__Work to complete__.
Begin the copy at the line that contains "Biskup Eudes drží", end it at the last line of the entries below, keep every word exact, and include no pictures.

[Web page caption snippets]

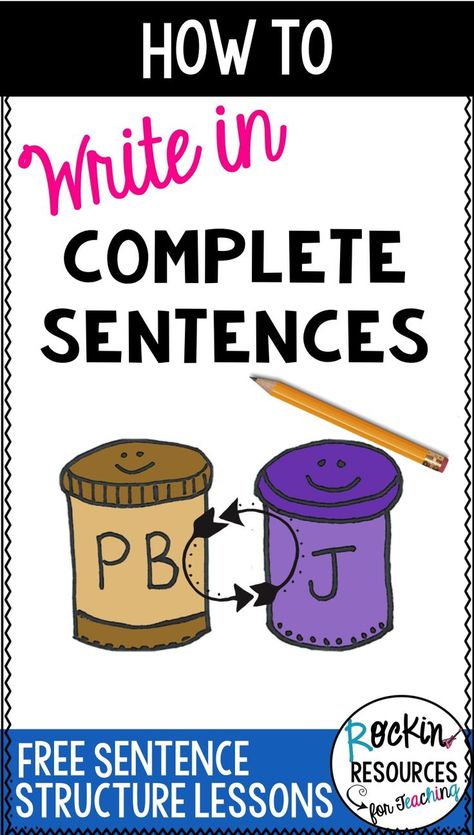 Great teaching tips and ideas for writing in complete sentences and using subjects and predicates!  Subjects and predicates go together like peanut butter and jelly!  This is a series of writing lessons with links to other sentence structure activities. Teaching Sentence Structure, Sentence Structure Activities, Teaching Sentences, Ideas For Writing, Writing Complete Sentences, Writing Mini Lessons, Second Grade Writing, Sentence Activities, 3rd Grade Writing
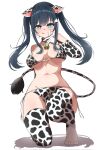  1girl amano_nene_(vtuber) animal_ears animal_print bell blush breasts cow_ears cow_print cow_tail cowbell elbow_gloves gloves green_eyes heart heart-shaped_pupils highres large_breasts long_hair midoku_(itijikusakura) navel production_kawaii solo swimsuit symbol-shaped_pupils tail thighhighs twintails virtual_youtuber 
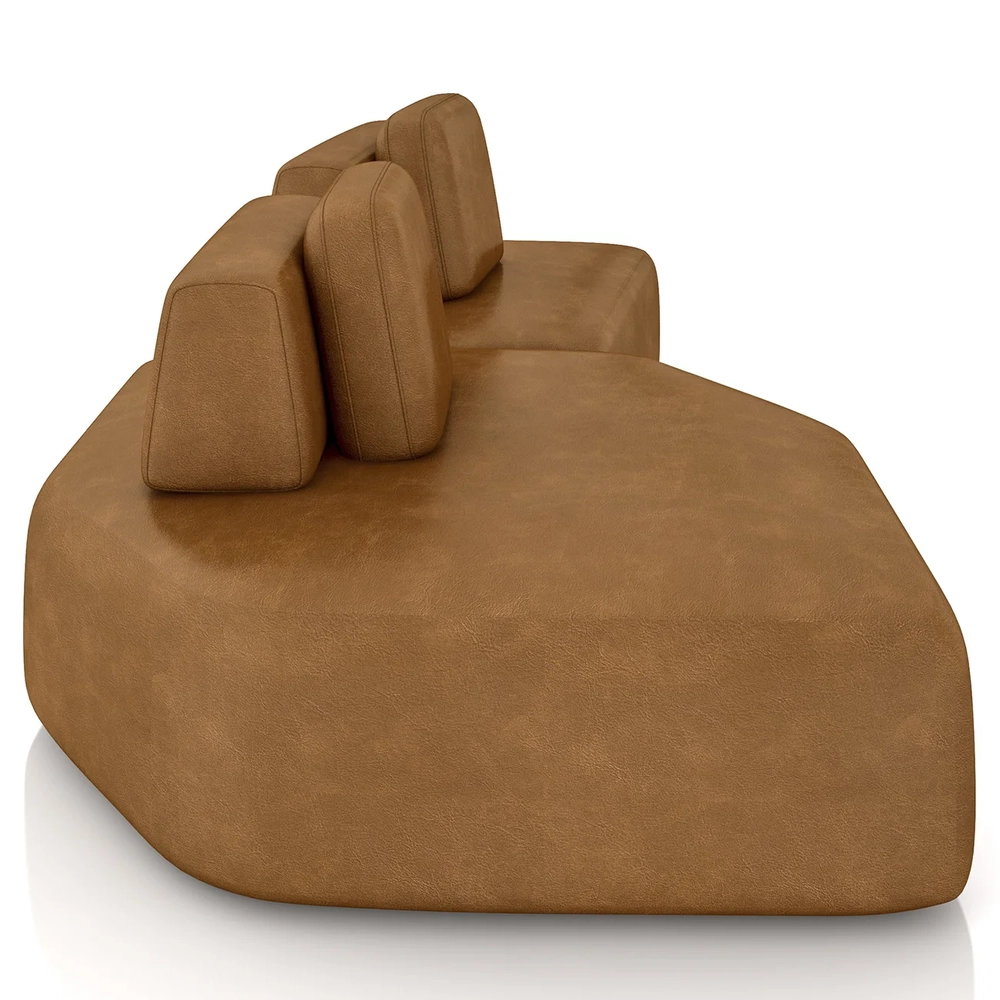 Sofá Ilha 275cm 2 Módulos Sala de Estar Moby Sintético Caramelo Z08 - Mpozenato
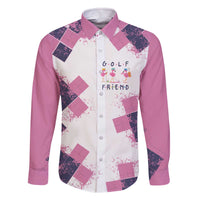 Golf Flamingo Friends Family Matching Off The Shoulder Long Sleeve Dress and Hawaiian Shirt Pink Argyle Pattern and Custom Name Text on White and Rose Color Block - Wonder Print Shop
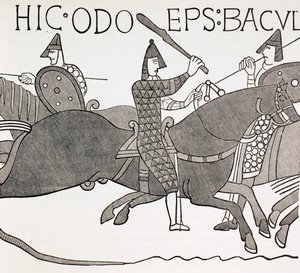 Biskup Eudes drží svou štafetu úřadu v bitvě u Hastingsu, kolem roku 1880 od English School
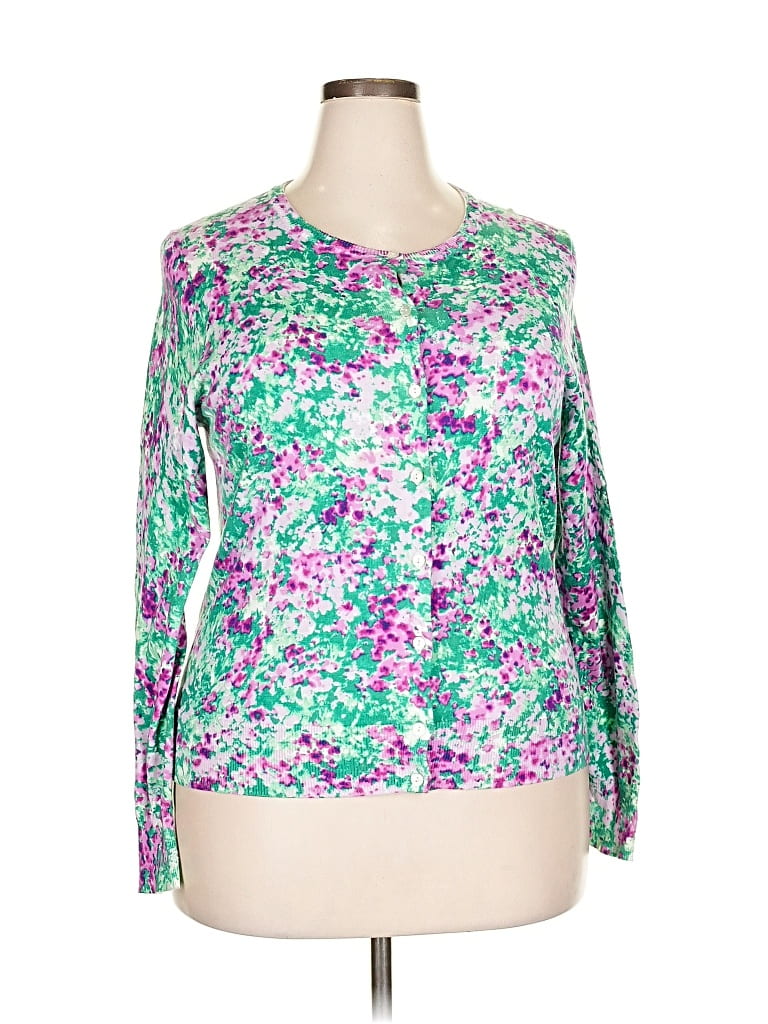 Pre-owned Lands' End Long Sleeve Blouse In Green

__Output of the task__.
 Biskup Eudes drží svou štafetu úřadu v bitvě u Hastingsu, kolem roku 1880 od English School
 Pre-owned Lands' End Long Sleeve Blouse In Green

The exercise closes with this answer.